_Image-text web data_
────────────────────────────────────────

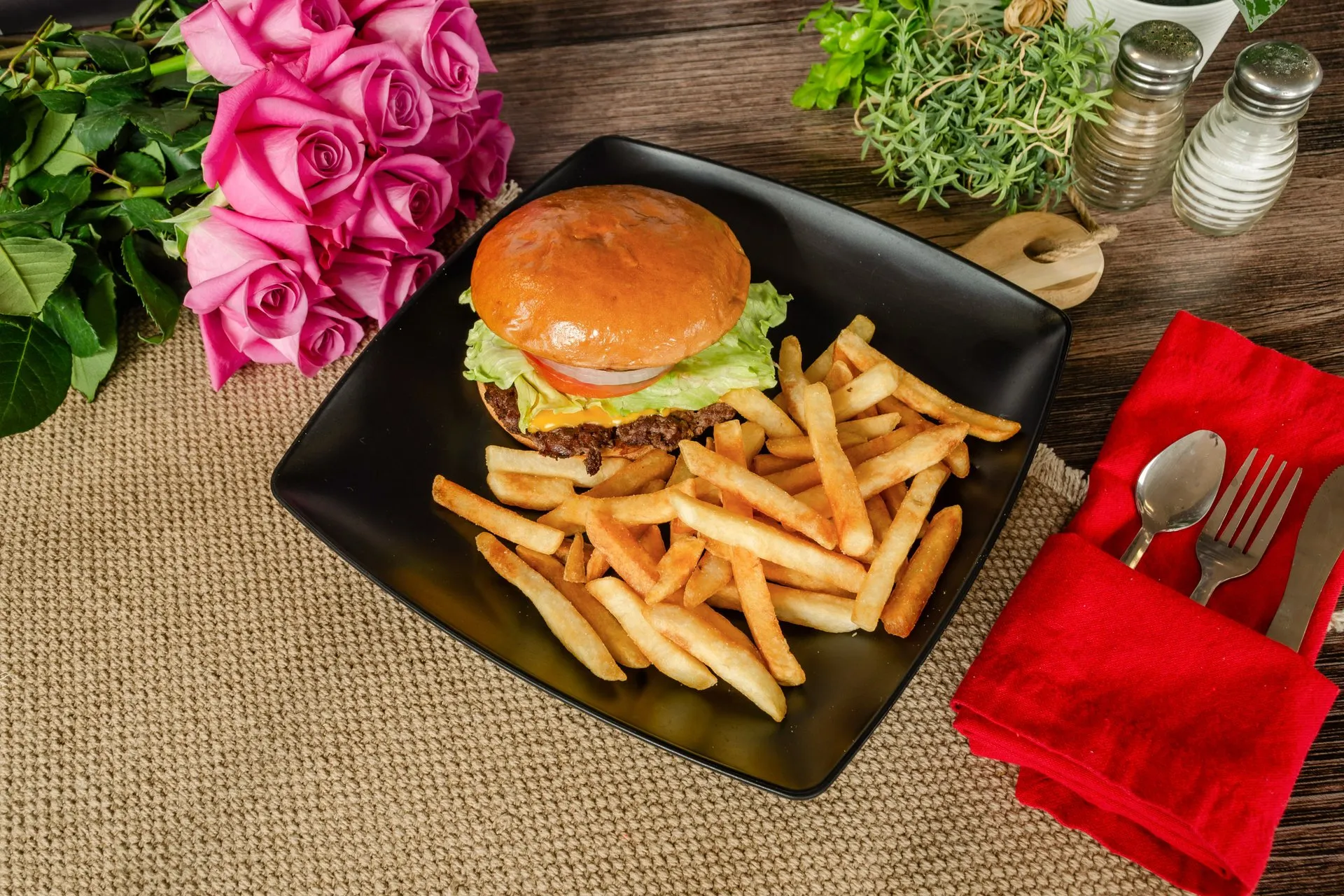 A plate with a juicy hamburger and crispy french fries sits on a rustic wooden table.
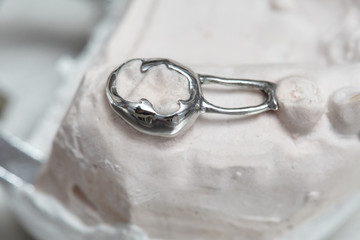 Gray dental prosthesis teeth mold, clay human gums model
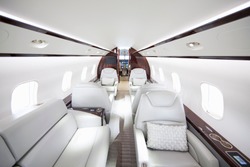 A wide shot showing interiors of a private jet.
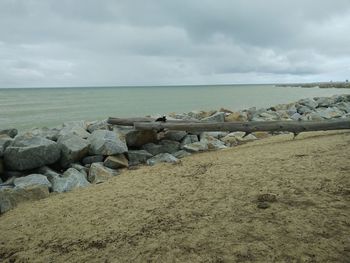 Rocks on beach by sea against sky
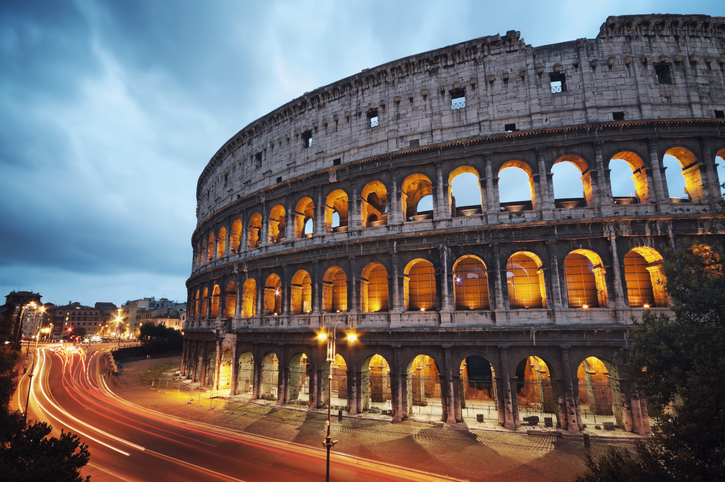 A stunning twilight view of the Colosseum in Rome, Italy, as evening sets in. The ancient amphitheater's iconic arches are illuminated with a warm golden glow, contrasting against the deepening blue of the sky. Light trails from passing vehicles create dynamic streaks around the Colosseum, adding a sense of motion to this historic setting. The scene captures the timeless grandeur of this Roman landmark, blending the old world with the energy of the modern city.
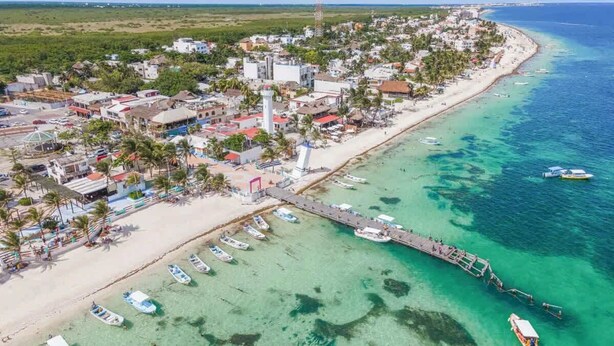 An aerial view of a coastal town with a beach, boats, and a pier. - Rooftop small pool | El Segundo (Puerto Morelos)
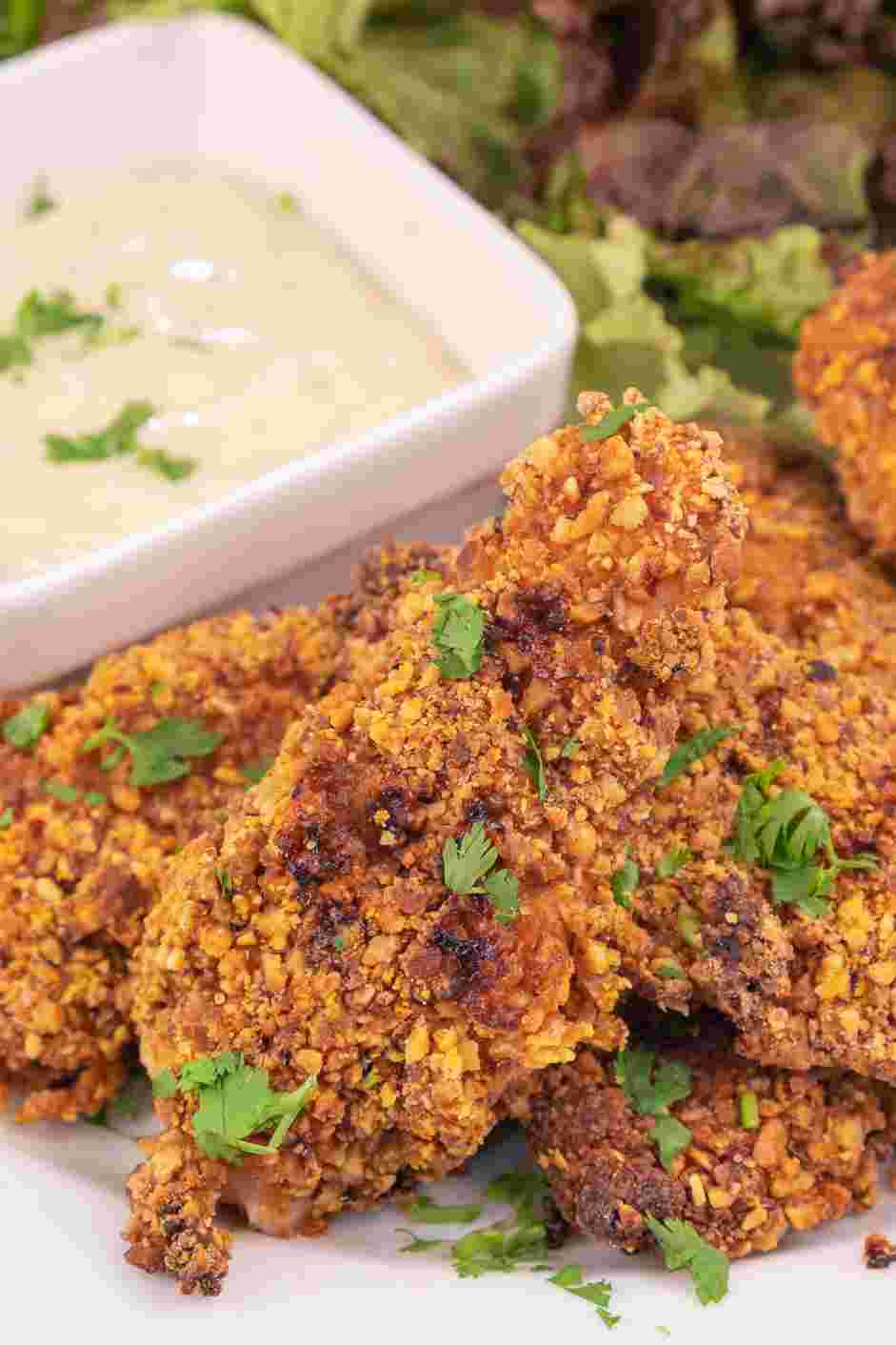 Pecan Crusted Chicken Recipe: Serve the pecan crusted chicken with a side of honey mustard dipping sauce and a side salad.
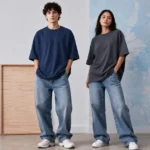 Two fashion models wearing oversized t-shirts and relaxed blue jeans posing inside a minimalist editorial studio with soft neutral lighting and modern streetwear styling.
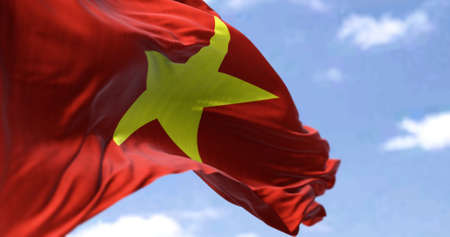 Detail of the national flag of Vietnam waving in the wind on a clear day. Socialist Republic. Patriotism. Selective focus. Southeast asian country.の写真素材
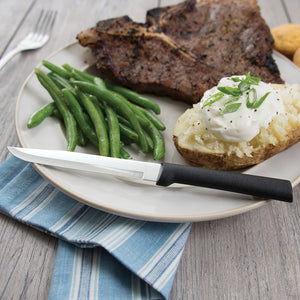 The utility/steak knife on a dinner plate with green beans, a baked potato with sour cream and chives and a T-bone steak.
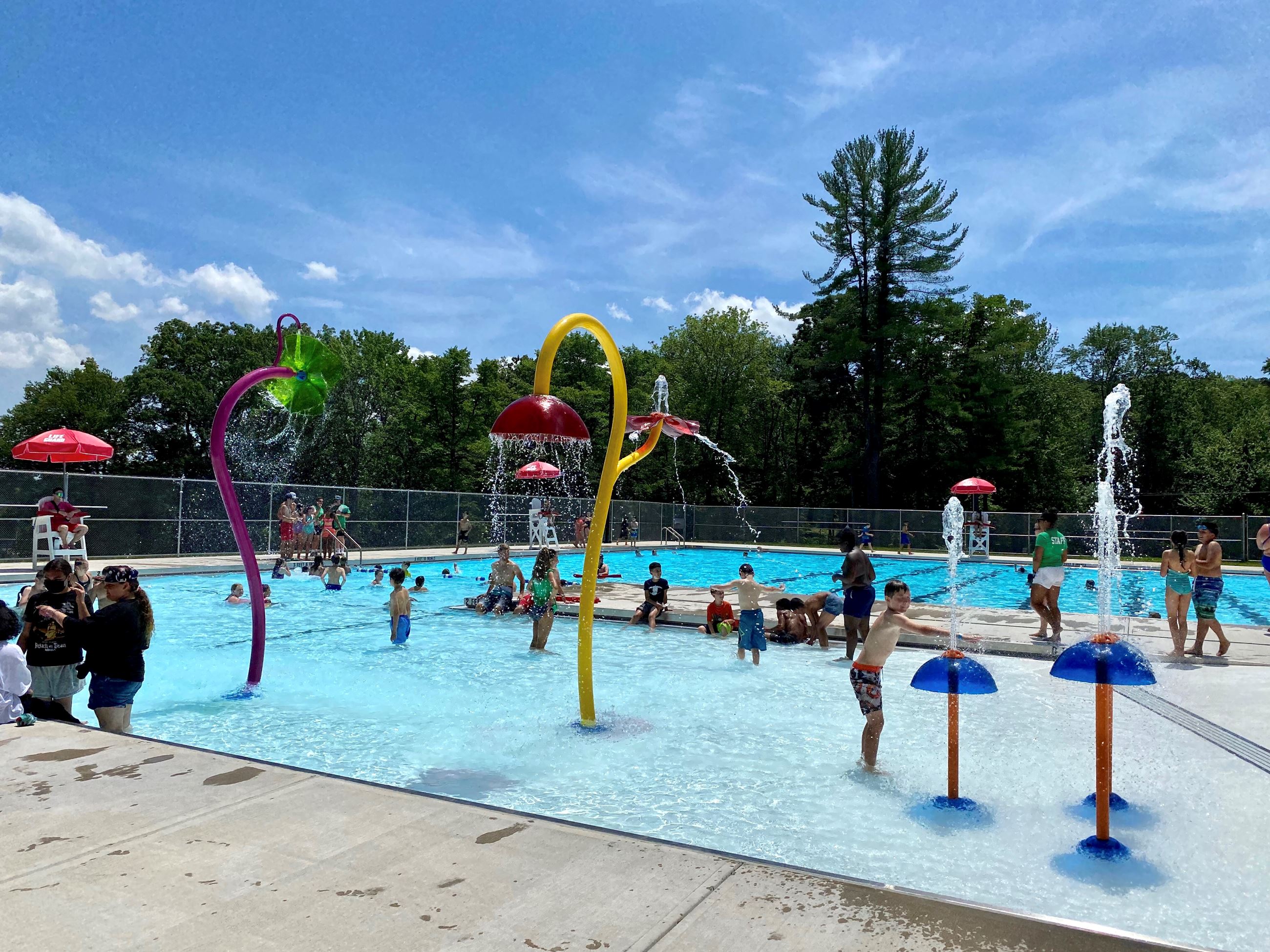 Children and families swimming in an outdoor pool with a zero-depth entry featuring spray feature. 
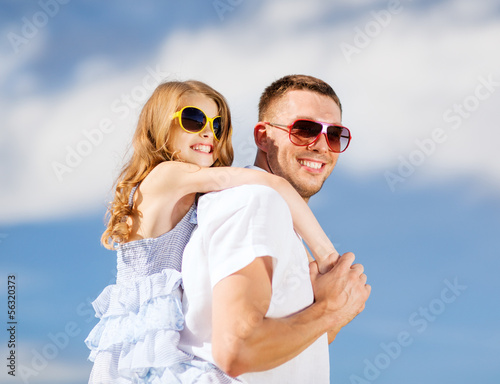 Photo: happy father and child in sunglasses over blue sky happy father and child in sunglasses over blue sky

────────────────────────────────────────

_Work to complete_
Start at the line that contains "Children and families" and retype every line through the end of the entries above, both ends included. Exclude all pictures.

_Solution to the problem_
 Children and families swimming in an outdoor pool with a zero-depth entry featuring spray feature. 
 Photo: happy father and child in sunglasses over blue sky happy father and child in sunglasses over blue sky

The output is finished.